This specification forces the sender to assign exactly one value of a communication variable to every input variable. This choice must hold for every point in time and can not be changed, ensuring that every input combination is uniquely represented by the communication variables. The full-information specification is a guarantee specification for every possible information-flow assumption. Since every input bit is guaranteed to be transmitted, every different input trace can be distinguished, not only the ones required to be distinguished by the prefix distinguishability relation. The full-information specification is a sufficient condition for realizing the sender; if there is an implementation for satisfying \(\mathbb {F}\), then this implementation is a correct sender. It is not a necessary specification, the sender might be able to encode the inputs to a smaller set of communication variables. The second guarantee specification is based on the information classes.

Definition 10

(Information Class Guarantee). Let \(\mathcal {C}_p'\) be the finite set of information classes of p projected to the inputs of q, s.t. the information classes \(c\in \mathcal {C}_p'\) are subsets of \((2^{O_e\cap I_q})^*\). Let furthermore \(f: \mathcal {C}\rightarrow 2^{O_q \cap I_p}\) be a bijection. The information class guarantee \(\mathbb {I}_q^\mathcal {C}\subseteq (2^{(O_e \cap I_q) \cup (O_q\cap I_p))})^\omega \) is defined as

$$\begin{aligned} \mathbb {I}_q^\mathcal {C}= \{\pi _e \cup \pi _o \mid \pi _e \in (2^{O_e \cap I_q})^\omega , &\pi _o \in (2^{O_q \cap I_p})^\omega , \forall n \in \mathbb {N}, \forall c\in \mathcal {C}_p'\\ {} &\text { if } \pi _e[0 \ldots n] \in c\text { then } f(c) \in \pi _o[n+1]\}. \end{aligned}$$

The specification tracks, for an environment output trace \(\pi _e\), the current information class. Whenever the finite trace is in an information class \(c\), the transmitter must set the combination of its outputs to the values as specified by the bijection f. The receiver p can therefore observe \(c\) by decoding the outputs of q on \(O_q \cap I_p\). Similar to the assume specification, the correctness of the information class guarantee depends on the information classes:

Lemma 3

If a set of information classes \(\mathcal {C}\) is sufficient to synthesize \(\varphi _p\) then \(\mathbb {I}_q^\mathcal {C}\) is a guarantee specification for \(\varphi _p\).

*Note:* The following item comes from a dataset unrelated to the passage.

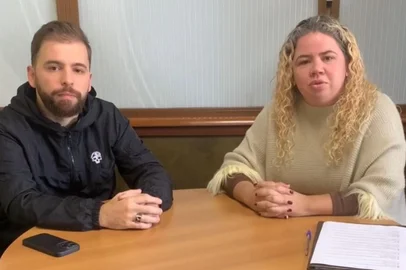 Os vereadores Daiane Mello e Hiago Morandi, ambos do PL, protocolaram um projeto de lei na Câmara para instituir uma campanha municipal para convencer a população a não dar esmolas. O objetivo é incentivar a ajuda a instituições sociais e políticas oficiais de acolhimento.<!-- NICAID(16040710) -->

If providing the information classes at every step is not sufficient for synthesis, then either the specification is unrealizable or at least one information class falsely contains two traces that need to be distinguished. The assume and guarantee specifications in Sect. 5 build the foundation for synthesizing local components that satisfy the local specification and the information-flow assumption. In most distributed systems, however, components are not solely receivers nor transmitters, but both simultaneously. We now define local implementations that are correct w.r.t. information classes, called safety hyper implementations.

5.3 Safety Hyper Implementations

Hyper implementations were introduced in [17] specifying local implementations of a distributed system that are correct for all possible implementations of all other components. The hyper implementations observe all inputs of the environment but are forced to react to them only if necessary, without restricting the possible solution space of other components. For example, the implementation of the receiver r in the sequence transmission protocol is a \(2^{O_r}\)-labeled \(2^{I_r}\)-transition system, but any locally synthesized solution for r must react to inputs only observed by t. We use the information classes of Sect. 5 to specify and synthesize a different approach to hyper implementations. Recall that we assume a bounded number of information classes \(\mathcal {C}\).

Definition 11

(Safety hyper implementation). Let p and q be components, e be the environment, and \(\mathcal {C}_p\) be a set of information classes. A safety hyper implementation \(\mathcal {H}_p\) of p is a \(2^{O_p}\)-labelled \(\mathcal {C}_p \cup 2^{I_p}\)-transition system.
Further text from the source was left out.